Keuskupan Agung Semarang (KAS) sedang mengupayakan agar umat Katolik dan masyarakat dapat mengalami hidup yang bahagia, inspiratif dan sejahtera. Untuk itu, semua paroki di KAS berusaha keras mewujudkan apa yang menjadi arah dasar menggereja dan memasyarakat tersebut dapat dicapai. Paroki Santo Yusup, Baturetno, Wonogiri juga sedang bersemangat mewujudkan umat Katolik dan masyarakat yang bahagia, inspiratif dan sejahtera. Senin, 29 Juni 2026, Romo Eduardus Didik Chahyono SJ, Pastor Paroki Santo Yusup Baturetno dan Yusuf Hidayat, mentor bawang merah, bersama sejumlah umat dan warga melaksanakan penanaman benih bawang merah di lahan milik umat. Penanaman ini merupakan rangkaian dari tahap-tahap pelatihan budidaya bawang merah.
Yusuf Hidayat menjelaskan, secara geografis wilayah Paroki Santo Yusup Baturetno terletak di beberapa wilayah kecamatan yang terdapat hamparan persawahan dan perkebunan yang luas. “Sehingga sebagian besar umat adalah petani dan berkebun. Berdasar observasi, diketahui bahwa umat yang bertani dan berkebun rata-rata menanam padi dan jagung. Seiring dengan kondisi cuaca yang tidak menentu akhir-akhirnya hasil panen tidak maksimal karena berbagai macam gangguan, di antaranya tanaman terserang wereng, jamur, tikus, monyet dan lainnya,” kata Yusuf.
Lebih lanjut ia mengungkapkan, berdasarkan hal tersebut maka perlu terobosan atau inovasi bagi petani untuk memilih jenis tanaman yang secara hasil panen lebih menuntungkan dan dapat menopang perekonomian keluarga. “Dari beberapa jenis tanaman yang memiliki prospek bagus yaitu jenis tanaman hortikultura bawang merah. Dengan pertimbangan usia tanam relatif singkat, sekitar 60 hari, tidak memerlukan air yang berlebih, prospek pasar cukup menjanjikan, lahan tidak harus luas dan bisa memanfaatkan lahan di sekitar rumah,” katanya.
Umat dan sejumlah warga cukup antusias menanggapi pelatihan budidaya bawang merah yang diselenggarakan oleh Paroki Santo Yusup, Baturetno.
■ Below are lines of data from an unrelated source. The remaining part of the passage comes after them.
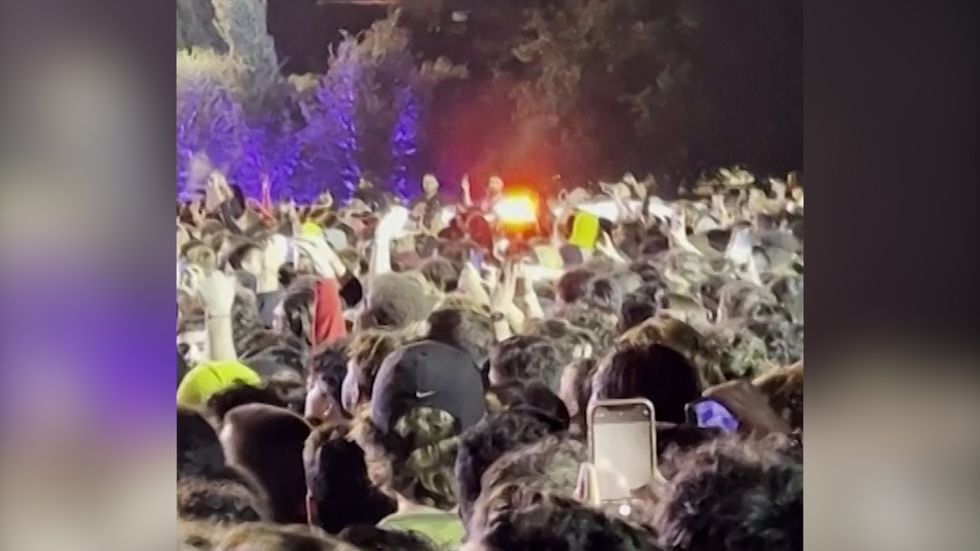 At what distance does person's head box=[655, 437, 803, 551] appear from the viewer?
190 centimetres

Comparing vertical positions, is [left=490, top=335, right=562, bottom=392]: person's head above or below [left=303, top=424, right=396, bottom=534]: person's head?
above

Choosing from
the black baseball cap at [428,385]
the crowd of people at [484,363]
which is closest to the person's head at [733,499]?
the crowd of people at [484,363]

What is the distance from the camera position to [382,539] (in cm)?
186

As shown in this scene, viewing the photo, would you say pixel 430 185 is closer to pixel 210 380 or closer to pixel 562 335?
pixel 562 335

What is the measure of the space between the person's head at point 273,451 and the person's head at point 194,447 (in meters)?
0.03

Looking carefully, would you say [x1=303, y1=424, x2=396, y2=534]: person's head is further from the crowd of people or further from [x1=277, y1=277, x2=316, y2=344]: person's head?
[x1=277, y1=277, x2=316, y2=344]: person's head

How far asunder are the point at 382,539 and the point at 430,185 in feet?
2.15

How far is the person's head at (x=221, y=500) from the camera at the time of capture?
184 centimetres

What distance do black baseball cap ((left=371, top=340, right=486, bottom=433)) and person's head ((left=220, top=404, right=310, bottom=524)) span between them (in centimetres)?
16

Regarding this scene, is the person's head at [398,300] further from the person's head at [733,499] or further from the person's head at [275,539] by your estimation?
the person's head at [733,499] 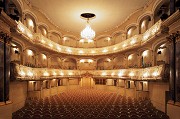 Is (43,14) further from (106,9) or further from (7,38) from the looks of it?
(7,38)

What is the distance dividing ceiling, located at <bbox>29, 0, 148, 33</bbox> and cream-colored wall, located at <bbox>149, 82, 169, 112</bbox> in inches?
345

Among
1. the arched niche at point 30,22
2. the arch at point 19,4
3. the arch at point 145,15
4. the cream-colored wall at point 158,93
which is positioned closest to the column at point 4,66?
the arch at point 19,4

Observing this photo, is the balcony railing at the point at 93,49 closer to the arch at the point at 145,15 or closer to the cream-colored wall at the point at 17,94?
the arch at the point at 145,15

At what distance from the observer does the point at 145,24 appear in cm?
2120

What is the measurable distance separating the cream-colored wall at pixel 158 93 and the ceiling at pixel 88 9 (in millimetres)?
8761

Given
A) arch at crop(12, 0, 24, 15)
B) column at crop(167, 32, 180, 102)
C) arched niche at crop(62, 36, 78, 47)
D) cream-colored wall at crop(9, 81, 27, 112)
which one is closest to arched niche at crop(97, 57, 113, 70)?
arched niche at crop(62, 36, 78, 47)

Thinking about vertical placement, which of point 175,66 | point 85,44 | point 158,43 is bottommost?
point 175,66

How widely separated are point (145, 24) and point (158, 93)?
31.4ft

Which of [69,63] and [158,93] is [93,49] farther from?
[158,93]

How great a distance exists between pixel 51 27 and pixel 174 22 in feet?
64.8

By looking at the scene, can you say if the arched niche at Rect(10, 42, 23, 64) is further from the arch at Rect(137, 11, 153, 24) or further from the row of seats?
the arch at Rect(137, 11, 153, 24)

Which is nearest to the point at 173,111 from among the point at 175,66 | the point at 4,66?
the point at 175,66

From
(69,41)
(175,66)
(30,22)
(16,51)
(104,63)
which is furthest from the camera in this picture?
(104,63)

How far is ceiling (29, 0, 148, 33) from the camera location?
59.2ft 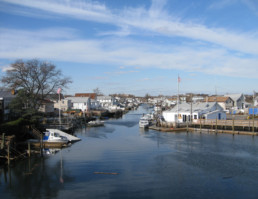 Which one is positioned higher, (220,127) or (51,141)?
(220,127)

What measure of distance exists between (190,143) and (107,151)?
35.6ft

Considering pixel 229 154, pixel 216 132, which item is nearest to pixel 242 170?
pixel 229 154

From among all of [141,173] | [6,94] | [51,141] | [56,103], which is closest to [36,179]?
[141,173]

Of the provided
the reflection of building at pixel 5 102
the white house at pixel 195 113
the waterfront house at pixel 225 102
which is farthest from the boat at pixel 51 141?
the waterfront house at pixel 225 102

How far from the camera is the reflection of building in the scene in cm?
3855

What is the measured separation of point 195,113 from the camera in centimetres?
4591

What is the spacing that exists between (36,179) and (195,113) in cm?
3293

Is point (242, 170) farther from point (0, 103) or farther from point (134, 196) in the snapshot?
point (0, 103)

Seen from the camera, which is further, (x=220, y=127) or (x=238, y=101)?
(x=238, y=101)

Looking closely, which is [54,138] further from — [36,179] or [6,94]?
[6,94]

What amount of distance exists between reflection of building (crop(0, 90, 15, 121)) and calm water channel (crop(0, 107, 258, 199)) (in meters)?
15.2

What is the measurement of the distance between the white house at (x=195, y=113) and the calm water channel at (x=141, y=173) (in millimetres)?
15269

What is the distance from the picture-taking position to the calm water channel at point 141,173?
54.1 feet

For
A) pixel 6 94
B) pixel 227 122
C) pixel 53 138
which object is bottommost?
pixel 53 138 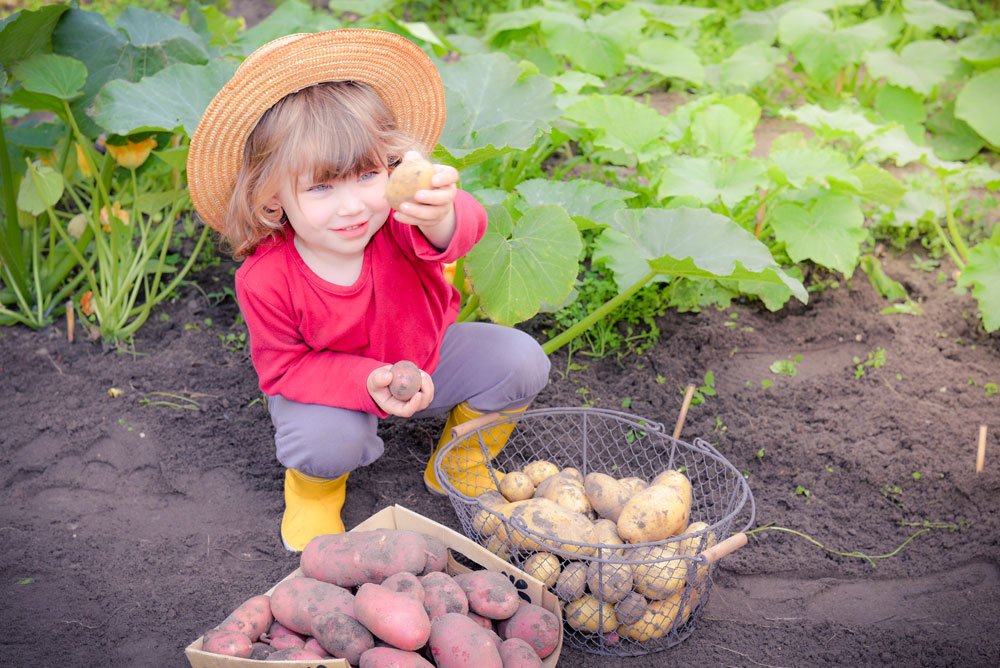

Pelatihan budidaya bawang merah ini dilakukan dalam 3 tahap. Tahap pertama, pemahaman awal (10 Mei 2026). Pada tahap ini peserta mendapat materi terkait budidaya bawang merah dari tahap pra tanam, tanam dan pasca tanam. Pra tanam terdiri dari proses penyiapan lahan, proses pengolahan, pemupukan awal dan pemilihan bibit. Proses tanam terdiri dari penanaman, proses perawatan sampai dari usia 0-60 hari setelah tanam (HST). Pasca tanam merupakan proses pemanenan, proses penyimpanan, dan pemasaran. Pada tahap ini juga disampaikan potensi gangguan yang menyebabkan gagal panen sekaligus cara penanganannya.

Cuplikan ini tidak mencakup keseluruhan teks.